Bidan Desa seolah-olah hanya penanggung jawab formal Desa Siaga. Di sisi lain Bidan
Desa yang bertugas memiliki keterampilan manajeman yang minim, lebih banyak melakukan
pekerjaan yang berkaitan ketrampilan teknis ilmu kebidanan hal ini berakibat pengelolaan Desa
Siaga berjalan tanpa arah.
Instansi penggerak Desa Siaga hanya berasal dari sektor kesehatan, seperti Dinas Kesehatan,
Puskesmas sedangkan instansi di sektor lain lebih terorientasi pada programnya sendiri-sendiri,
hal ini berakibat menumpuknya program di tingkat Desa di lain pihak SDM di tingkat Desa
sendiri sangatlah minim untuk menjalankan variasi berbagai program tersebut, tidak hanya
program desa siaga.
Kader yang terpilih untuk pelaksanaan Desa Siaga tidak menjalankan tugas seperti yang
diharapkan karena merangkap tugas lain di Desa tersebut. Kader dan tokoh masyarakat yang
mengikuti pelatihan desa siaga atau penunjangnya banyak yang tidak representative karena
tingkat pendidikan, tingkat kepedulian yang kurang dan yang terpenting adalah bakat inovatif
kader,banyak yang tidak muncul setelah pelatihan, sehingga kader yang dilatih hanya pasif
menunggu kelanjutan dari pelatihan.
Maka dari itu Desa Siaga diharapkan harus memperhatikan dalam penyusunan kebijakan
mengenai penyusunan program-program berbasis kemasyarakatan dan yang kedua adalah sinergi
antara berbagai penyusun kebijakan dan semua departemen harusnya diperhatikan sehingga
masyarakat, terutama kader tidak bingung dan dihadapkan pada berbagai tuntutan pelaksanaan
program yang saling tumpang tindih antara instansi yang satu dengan instansi lainnya.
DAFTAR PUSTAKA
Kemenkes. (2018). Pengertian, Tujuan, Indikator, dan Kegiatan Pokok Desa Siaga.

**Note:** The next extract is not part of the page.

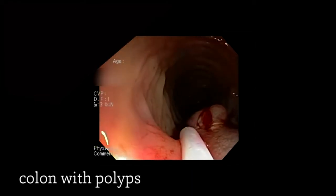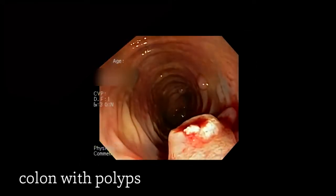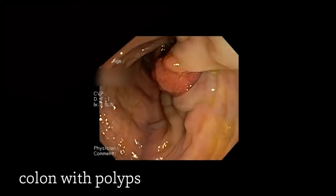This polyp was too large to be suctioned into the suction portion of the device, so we actually had to remove the entire polyp from the colon by suctioning it into the device and then removing the colonoscope.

Diakses dari : http://promkes.kemkes.go.id/pengertian-tujuan-indikator-dan-
kegiatan-pokok-desa-siaga.
Laksana, N. S. (2013). Bentuk-bentuk partisipasi masyarakat desa dalam program desa siaga di
Desa Bandung, Kecamatan Playen, Kabupaten Gunung Kidul, Provinsi Daerah Istimewa
Yogyakarta. Kebijakan dan Manajemen publik, 1(1).
Menkes RI. (2006). Keputusan Menteri Kesehatan Republik Indonesia Nomor
564/MENKES/SK/VIII/2006 tanggal 2 Agustus 2006) Pedoman Pelaksanaan
Pengembangan Desa Siaga. Mentri Kesehatan Republik Indonesia.
Merta, R. (2013). Analisis Kebijakan Desa Siaga Di Kabupaten Sleman Yogyakarta. Sekolah
Tinggi Ilmu Kesehatan Jenderal Achmad Yani Yogyakarta.
Sutisna, E.S. (2012). Model Pemberdayaan Masyarakat Bidang Kesehatan,Studi Program Desa
Siaga. Jurnal Kesehatan Masyarakat Nasional.